The current influence of Communism in South African trade unions is complicated by recent developments which have resulted in the dissolution of the Communist Party of South Africa (CPSA) and the passage of an Act declaring the CPSA an unlawful organization. It was known early in the last session of the South African Parliament (the 3rd session of the 10th Parliament which commenced on January 20 and ended on June 24, 1950) that the Nationalist Government intended to pass an Act outlawing the Communist Party. As the debate on the anti-Communist legislation got under way, the Communist Party of South Africa, occasioned surprise throughout the country by dissolving itself through a unanimous resolution of its Central Committee on May 7, 1950. According to Communist spokesmen, this [Page 1835]action was accepted unanimously by general meetings of every district subdivision of the organization. A public statement was issued under Communist auspices on June 20 announcing the dissolution of the CPSA and this announcement was read to the House of Assembly on the same day by Sam Kahn, Communist MP. Subsequently Parliament passed the Suppression of Communism Act which received the Governor General’s assent on June 26, 1950, thus coming into force on that date as Act No. 44 of 1950.

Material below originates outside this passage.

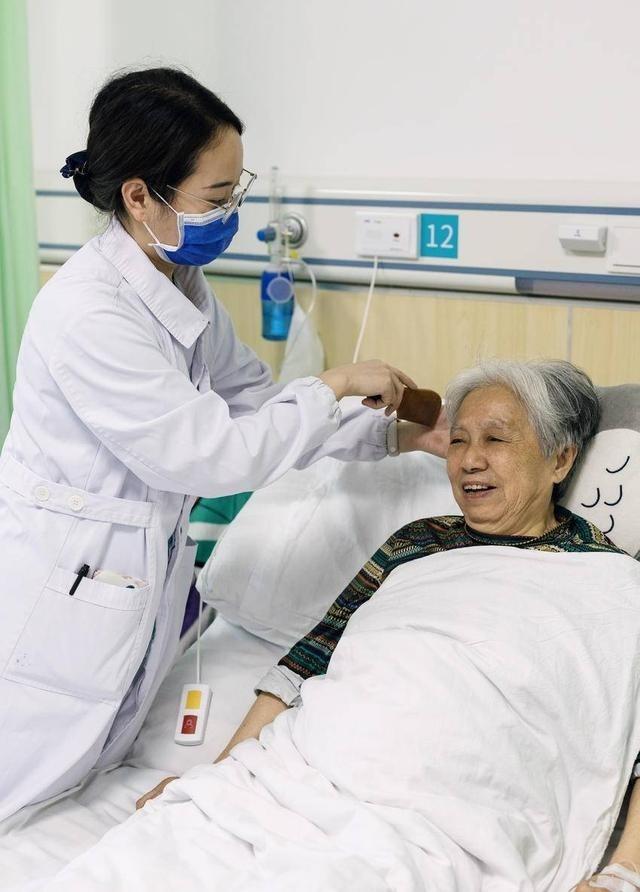 中国将迎来前所未有的死亡高峰？专家给出答案：是这些因素导致的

As a result of the dissolution of the CPSA and the passage of the anti-Communism Act there can be no such thing—legally—as a Communist in South Africa. Anyone who professes Communism or is declared to be a Communist is subject to specific legal penalties. To refer to a person as a Communist, if that person is not a Communist, renders one legally liable to a charge of slander and defamation in the Union of South Africa.
[Here follow those portions of the despatch, comprising 10 of the 16 pages of the source text, presenting a detailed review of the reaction in South Africa to the Suppression of Communism Act, an analysis of the numerical strength of Communist and non-Communist trade unions, the relative influence and effectiveness of Communist and non-Communist unions, and aspects of the strategy and internal activity of Communist-led unions.]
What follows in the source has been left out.